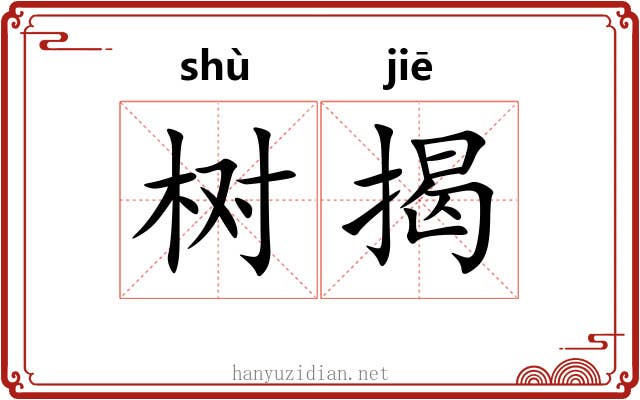 树揭 树揭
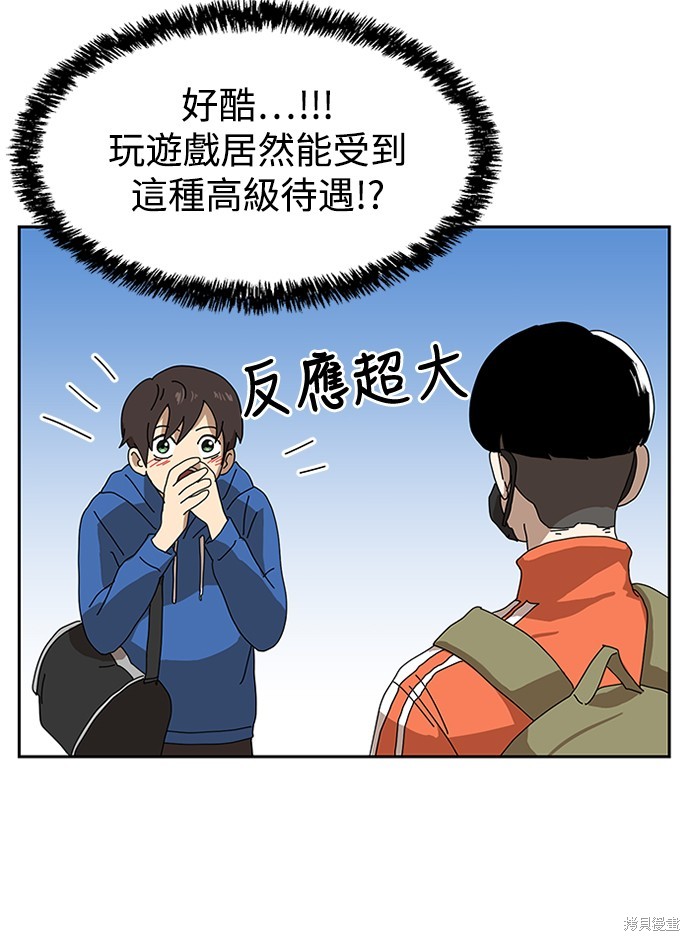 第303页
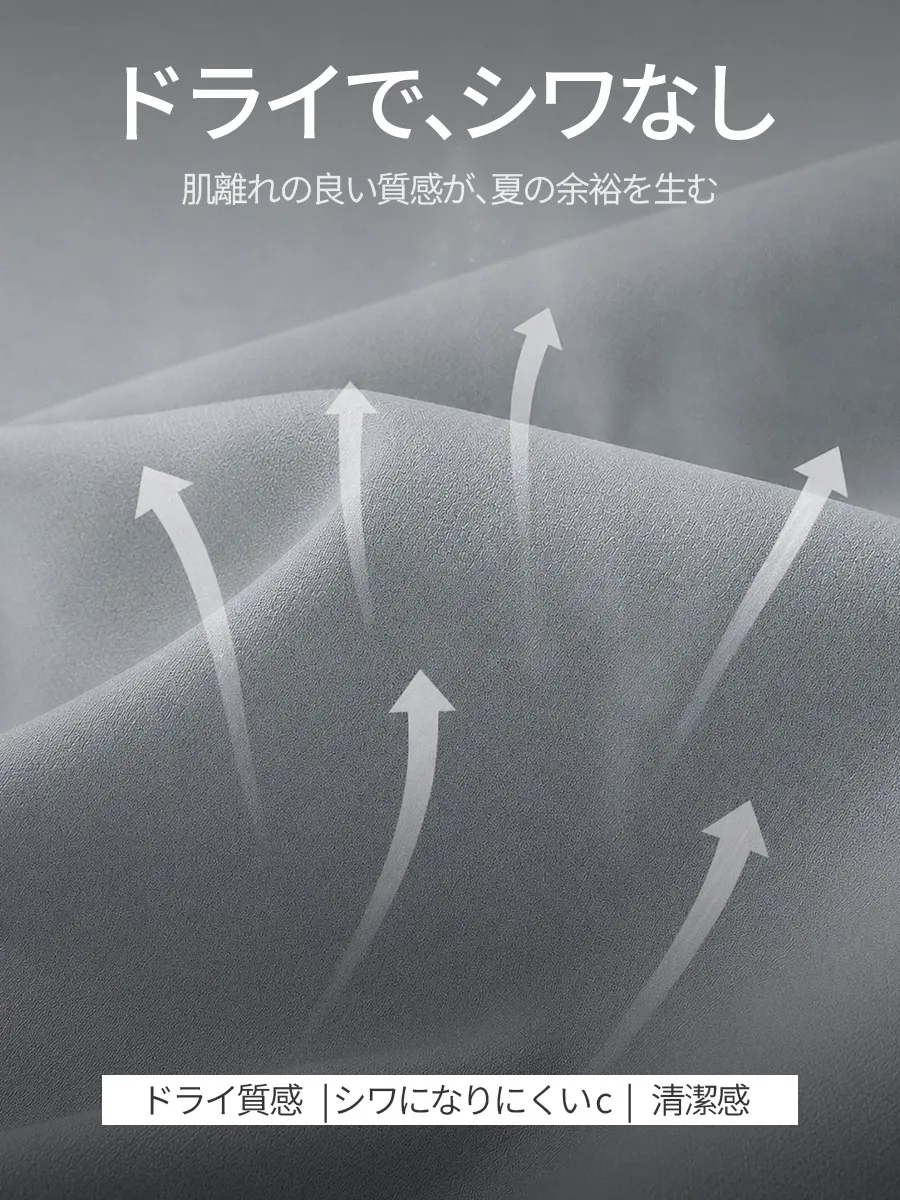 上質なナイロン混紡素材で、さらっと快適、シワになりにくい。
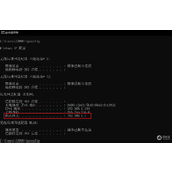 办公技能提升（二）路由器网络WIFI设置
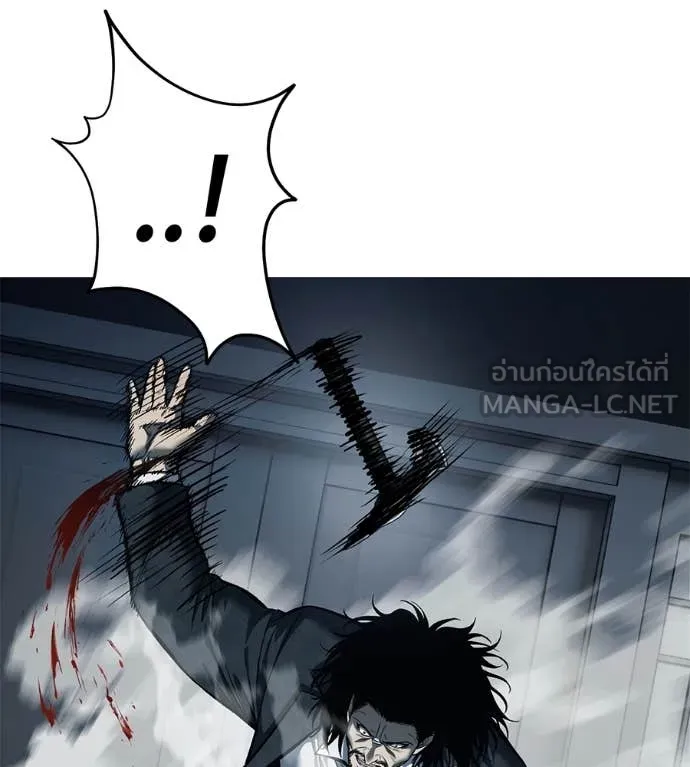 มัจจุราช ตอนที่ 7 รูปที่ 197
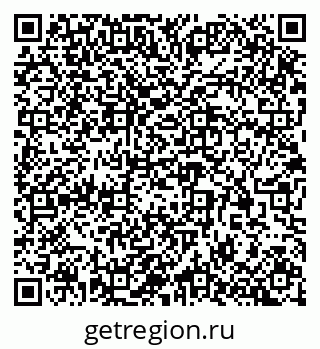 79913297900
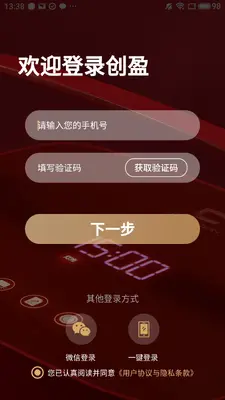 ��ӯ�ǻ������ͼ0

★ ★ ★ ★ ★ ★ ★

When you copy the lines above, drop the pictures and keep everything else exact.

 树揭 树揭
 第303页
 上質なナイロン混紡素材で、さらっと快適、シワになりにくい。
 办公技能提升（二）路由器网络WIFI设置
 มัจจุราช ตอนที่ 7 รูปที่ 197
 79913297900
 ��ӯ�ǻ������ͼ0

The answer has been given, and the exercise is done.